Esse é, aliás, o ponto forte do filme. É um murro estético incrível, um objecto rarísimo e que devemos apreciar, pois nos tempos que correm, nenhum estúdio em Hollywood iria financiar um filme deste género, sem actores conhecidos no elenco. É uma das grandes belezas do filme: a cada momento, estamos a apreciar algo de perfeitamente irrepetível. Enquanto assistia a "The fall", sentia-me especial por isso mesmo. Tanto mais que esta obra teve pouca divulgação, e assim, mais especial me sinto por poder desfrutar do poder visual deste filme. Claro que "The fall" nunca consegue caminhar equilibradamente entre olhos e cabeça. O argumento deste filme, escrito por um Dan Gilroy que, anos mais tarde, realizaria o extraordinário “Nightcrawler”, é desprovido de arcos narrativos de personagens e estrutura, e o balanço entre a fábula que se conta e a vida real está feito de forma atabalhoada. é um objecto bizarro, numa história construída a três, entre Alexandria, Roy e nós próprios. Mesmo os problemas de comunicação entre a menina romana e o duplo norte-americano se reflectem nas nuances da história (por exemplo, entendimento diferente que ambos têm da palavra "indian"). Apesar de tudo, o filme está cheio de pequenos pormenores fantásticos tiradas engenhosas, que nunca se perdem num todo incoerente. Não sei se isto se deve à habilidade de Tarsem ou à força esmagadora das imagens que cria, mas é um facto que este é dos filmes mais extraordinários feitos no século XXI. Não necessariamente dos melhores, mas aquelas obras que saem fora do normal e que nos sabem dar cinema em grande escala e poderoso sem se armar ao pingarelho. Excessivo, magnificamente belo, raro. É a imaginação de um artista ao serviço do nosso prazer.

Permitam-me destacar a abertura de "The fall", uma pérola que, sozinha, é superior em arte a muitas longas-metragens. Estabelece desde logo o catalisador da trama do filme. O que fascina não é o desenrolar desse mesmo catalisador, mas sim a elegância clássica do slow-motion, a captação de micro-expressões escondidas e um renovar de uma das peças de músicas mais usadas em cinema, o movimento Alegretto da 7º sinfonia de Beethoven. Cada cut é uma dissolução entre o real e o irreal, e cada fotograma uma pintura à espera de ser colocada numa parede. O uso do preto e branco é não só adequado à época em que o filme se desenrola, e o próprio meio, mas é uma opção estilística que se deve talvez à própria noção de fantasia e diferença que o contraste com um mundo actual cheio de cor provoca. O preto e branco é a ruptura, e afinal, a reflexão da mente do protagonista.

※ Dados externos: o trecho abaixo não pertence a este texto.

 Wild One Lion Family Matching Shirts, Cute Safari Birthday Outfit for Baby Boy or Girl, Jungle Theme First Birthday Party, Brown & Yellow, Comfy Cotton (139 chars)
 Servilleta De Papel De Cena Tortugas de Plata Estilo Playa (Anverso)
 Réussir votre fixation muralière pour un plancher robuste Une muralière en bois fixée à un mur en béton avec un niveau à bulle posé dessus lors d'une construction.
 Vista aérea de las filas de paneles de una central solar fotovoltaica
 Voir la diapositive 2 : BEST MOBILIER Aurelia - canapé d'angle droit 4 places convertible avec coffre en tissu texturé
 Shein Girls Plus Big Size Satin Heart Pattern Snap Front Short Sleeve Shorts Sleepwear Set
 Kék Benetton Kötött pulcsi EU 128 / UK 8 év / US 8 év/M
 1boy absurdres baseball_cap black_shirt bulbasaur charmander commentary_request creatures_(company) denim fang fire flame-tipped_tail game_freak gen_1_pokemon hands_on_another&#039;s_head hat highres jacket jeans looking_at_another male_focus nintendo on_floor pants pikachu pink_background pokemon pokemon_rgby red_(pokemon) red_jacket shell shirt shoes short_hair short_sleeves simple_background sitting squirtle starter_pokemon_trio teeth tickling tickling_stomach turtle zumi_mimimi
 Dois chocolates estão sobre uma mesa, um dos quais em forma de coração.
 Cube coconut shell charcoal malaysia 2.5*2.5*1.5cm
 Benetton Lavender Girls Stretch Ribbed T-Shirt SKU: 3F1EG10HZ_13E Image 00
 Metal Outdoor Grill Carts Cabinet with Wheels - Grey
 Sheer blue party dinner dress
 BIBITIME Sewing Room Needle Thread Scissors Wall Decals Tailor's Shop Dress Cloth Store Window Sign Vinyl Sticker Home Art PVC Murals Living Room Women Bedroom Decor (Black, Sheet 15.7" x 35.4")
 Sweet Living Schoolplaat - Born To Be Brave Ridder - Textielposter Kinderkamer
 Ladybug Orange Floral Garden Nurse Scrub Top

É um magnífico genérico, e quase uma curta-metragem à parte do resto da fita. Um arremedo de sonho, onde as coisas parecem animais e os animais coisas. Um terreno de fábula, portanto. Mas também de terror, de um certo de surrealismo, onde pedaços do quotidiano tomam o aspecto de criaturas grotescas. Como Tarsem bem definiu, é um caos sem energia.